5 Jobs that will be obsolete by 2030

Back in 2017, a McKinsey report highlighted the following statistics:

  • 50% of work activities are technically automatable by adapting current technologies
  • More than 30% of activities are technically automatable in around 6 in 10 jobs

Don’t Be Scared!

Many cases, jobs will not disappear. Instead, automation and AI will help to evolve job roles and help make human workers more effective. In turn, this will make businesses more successful, helping economies grow and increasing wages, which fuels consumption and further growth.

Even where jobs do disappear, the opportunities brought about by automation, and AI will lead to other job opportunities becoming available. Many of these jobs will be in new industries and sectors created as a direct result of using AI, too!

5 Jobs That Will Disappear By 2030

1. Travel Agent:  Although I thought this was already obsolete, it isn’t. The impact of COVID-19 on the travel industry is going to be long-lasting. Travel companies will decide to cut out the human element all together. Who needs a human when all the information for travel is right at your fingertips. Travel companies have lowered customer support costs with AI Chatbots and Automated Support Inquiries.

2. Taxi Drivers: Another career path that has been on the brink of extinction for some time.  Uber is pushing forward in the driverless technology space with a new program that will roll out in 2022. The program will introduce a fleet of Motional self-driving vehicles to make Uber Eats deliveries in the Santa Monica area. Demand may leave a market for human-driven taxis, but these will struggle to survive as automation will drive prices down.

3. Cashiers:  In one poll this occupation was voted 92% to be fully automated in the next decade and be fully replaced by AI/robots. The number of ‘Cashiers’ job openings is expected to decline by -10% by 2030.  McDonald’s announced plans last year to replace cashiers with digital ordering kiosks in 2,500 of its restaurants, and a local grocery store in Wisconsin features a mobile shopping experience that allows customers to scan items as they shop and pay on the way out without needing a cashier.
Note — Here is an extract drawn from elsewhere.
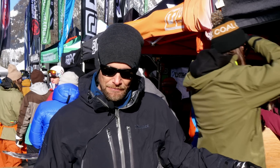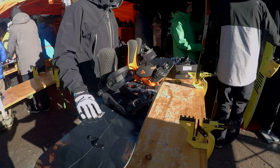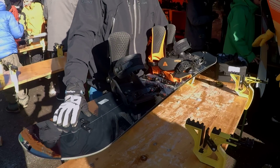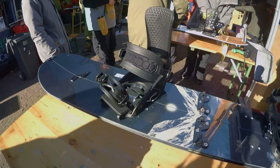The board is based on the Capita Charlie Slasher. It's called the Neo Slasher. Modifications from the conventional factory board include a stiffer nose and tail profile to put in the features that are more suited for riding this board.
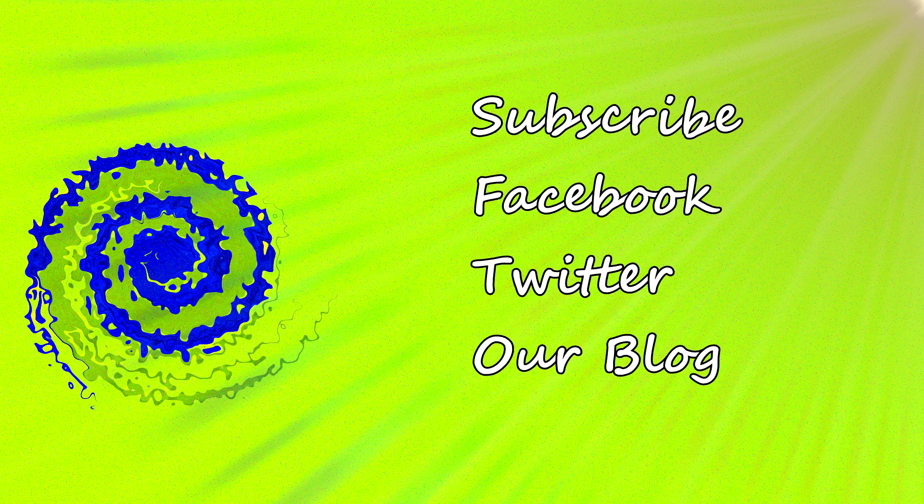Don't forget to like our video, subscribe to our channel, like us on Facebook, follow us on Twitter. And if you want to learn more about us, go to our website and find our blog.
The US market for automated checkout is worth $50 billion, the firm estimated.

4. Fast Food Cooks: The workforce issue post-pandemic put this movement in to fast motion.  Restaurant had to figure out how to survive without the workers.  They showed us!  Fast food restaurants are not shy about showing us that they are trying to rely less and less on the human workforce. Most of them have already made the change to self-service terminals when placing your order, so the next logical step is to move into the kitchen. Cooks are being replaced with an automated arm to flip the burgers and put the sandwiches together. So the cashiers are gone and the cooks are gone, what’s left?  Handing out the bags…don’t kid yourself, this too will be replaced.

5. Paralegals and Legal Assistants: AI can process and index more data in far less time compared to lawyers. That means that lawyers and paralegals won’t have to spend too much of their time doing repetitive work. They can focus on more crucial aspects of the job, such as strategy development. Automation and digitization will continue to become more refined in the coming decade, and the need for humans to complete these jobs will dwindle further. Paralegals and legal assistants facing a 94% probability of having their jobs computerized.